Welcome to the DOSBox-X project website located on GitHub.
Be sure to also visit DOSBox-X's homepage at https://dosbox-x.com
Alternative domain of project homepage: http://dosbox-x.software
Table of Contents
- Introduction to DOSBox-X
- Notable features in DOSBox-X
- DOSBox-X supported platforms and releases
- Compatibility with DOS programs and games
- Contributing to DOSBox-X
- DOSBox-X development and release pattern
- Future development experiments
- Software security comments
- Features that DOSBox-X is unlikely to support at this time
- Origin and history of the DOSBox-X project
- Known DOSBox-X forks
- Support for international language translations and keyboard layouts
Introduction to DOSBox-X
DOSBox-X is a cross-platform DOS emulator based on the DOSBox project (www.dosbox.com).
Like DOSBox, it emulates a PC necessary for running many MS-DOS games and applications that simply cannot be run on modern PCs and operating systems. However, while the main focus of DOSBox is for running DOS games, DOSBox-X goes much further than this. Started as a fork of the DOSBox project, it retains compatibility with the wide base of DOS games and DOS gaming DOSBox was designed for. But it is also a platform for running DOS applications, including emulating the environments to run Windows 3.x, 9x and ME and software written for those versions of Windows. DOSBox-X additionally features support for DOS/V and NEC PC-98 emulations so that you can play DOS/V and PC-98 games with it.

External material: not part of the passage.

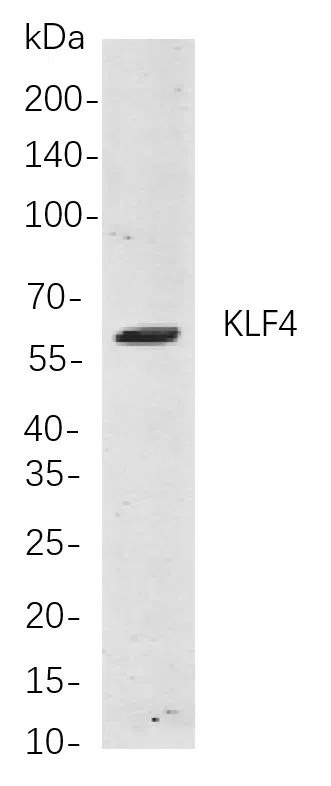 KLF4 Rabbit Monoclonal Antibody - Size: 200µL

Our goal is to eventually make DOSBox-X a complete DOS emulation package, both fully-featured and easy to use, while giving users the options to configure the DOS virtual machine. We implement new features with each official release, and also try our best to deliver a consistent cross-platform experience for users instead of focusing on a particular platform. In order to help improve the general DOS emulation and also to help with new DOS developments, it is our desire to maintain and implement accurate emulation, and at the same time we are also making efforts to improve emulation quality, speed, and usability for end users. Furthermore, we hope to improve the out-of-the-box experience for new users who want to run DOS programs or games, while giving them the feeling that they are running native DOS systems.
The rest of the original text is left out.